Devs have said Wii U has DX10/11 equivalent features, which puts it a decade ahead of that.

I didn't say it had a TEV Unit. My theory is that it has an EVOLVED TEV Unit. The TEV Unit in the Wii was the main cause of the Wii not receiving down-ports from the PS3 and 360, not the gap in power. It gave the Wii a nonstandard rendering pipeline.

An evolution of the TEV Unit would explain a lot. It would explain the low power draw, it would explain the ALUs being twice the size they should be and it would explain how a GPU with just 176 or 352GFlops can produce the visuals we've seen for Super Mario 3D World, Mario Kart 8, Bayonetta 2, X and SSBU. The first 3 are 720p native at 60fps with v-synch enabled, X is believed to be 720p native, probably 30fps with v-synch enabled and SSBU is believed to be 1080p native at 60fps.

When you say an "evolved TEV" do you mean it's still a texture combiner unit (that's pretty much impossible given what we've seen it pull off already) or that it's simply a more modern fixed function unit, with DX10/11 fixed functions instead of DX7 ones?

The latter, not too sure how they would have done it though. We know that what we've seen so far isn't possible on a bog standard 176GFlops/352GFlops GPU on such a low wattage.

And with regards to the CPU discussion above code written specifically for in-order CPUs that handle audio needs major changes to run on an out-of-order CPU and DSP unless you want the out-of-order CPU to brute force some of the code (which explains some of the performance issues with ports).

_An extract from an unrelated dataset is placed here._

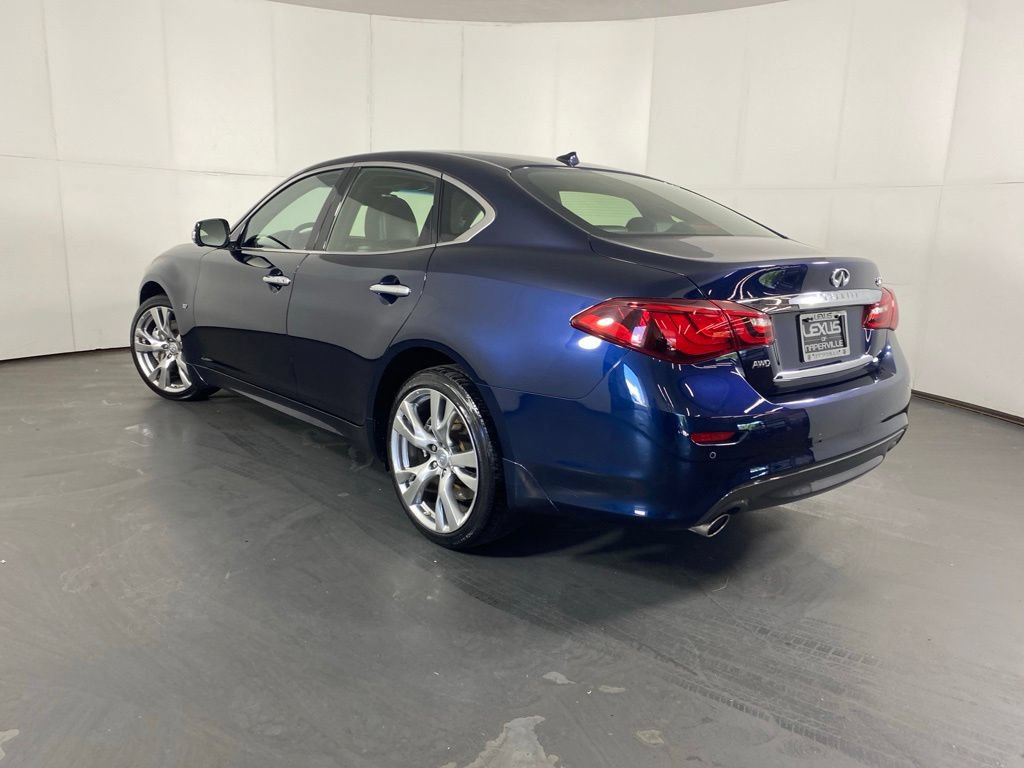 Used 2017 INFINITI Q70 3.7 w/ Technology Package AWD/4WD image 10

And conina, the gap in power wasn't a huge problem. Treyarch proved this with Modern Warfare, a game that was supposedly impossible to run on the Wii. The Wii could have run downscaled ports of the likes of Dead Space, Fallout, Bioshock etc with less or even no AA, less environmental and particle effects, more geometry and texture pop-in, lower native resolution and lower quality textures if Nintendo had a GPU using traditional programmable shaders.

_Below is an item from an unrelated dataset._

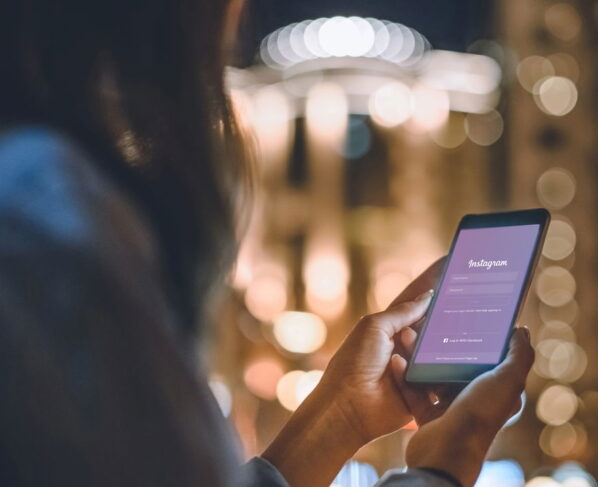 Famosos usam 'close friends' como estratégia de marketing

And the same can be said about the Wii U receiving PS4 and One ports too.



snowdog said:
curl-6 said:

When you say an "evolved TEV" do you mean it's still a texture combiner unit (that's pretty much impossible given what we've seen it pull off already) or that it's simply a more modern fixed function unit, with DX10/11 fixed functions instead of DX7 ones?

The latter, not too sure how they would have done it though. We know that what we've seen so far isn't possible on a bog standard 176GFlops/352GFlops GPU on such a low wattage.

And with regards to the CPU discussion above code written specifically for in-order CPUs that handle audio needs major changes to run on an out-of-order CPU and DSP unless you want the out-of-order CPU to brute force some of the code (which explains some of the performance issues with ports).

And conina, the gap in power wasn't a huge problem. Treyarch proved this with Modern Warfare, a game that was supposedly impossible to run on the Wii. The Wii could have run downscaled ports of the likes of Dead Space, Fallout, Bioshock etc with less or even no AA, less environmental and particle effects, more geometry and texture pop-in, lower native resolution and lower quality textures if Nintendo had a GPU using traditional programmable shaders.

And the same can be said about the Wii U receiving PS4 and One ports too.


@ bold

Why not? Equivalent PC graphics cards with similar power were already pushing visuals beyond what the 360/PS3 were doing and are more or less in line with the WiiU's graphics. That's discounting the added benefit of optimisations that devs have with a fixed platform.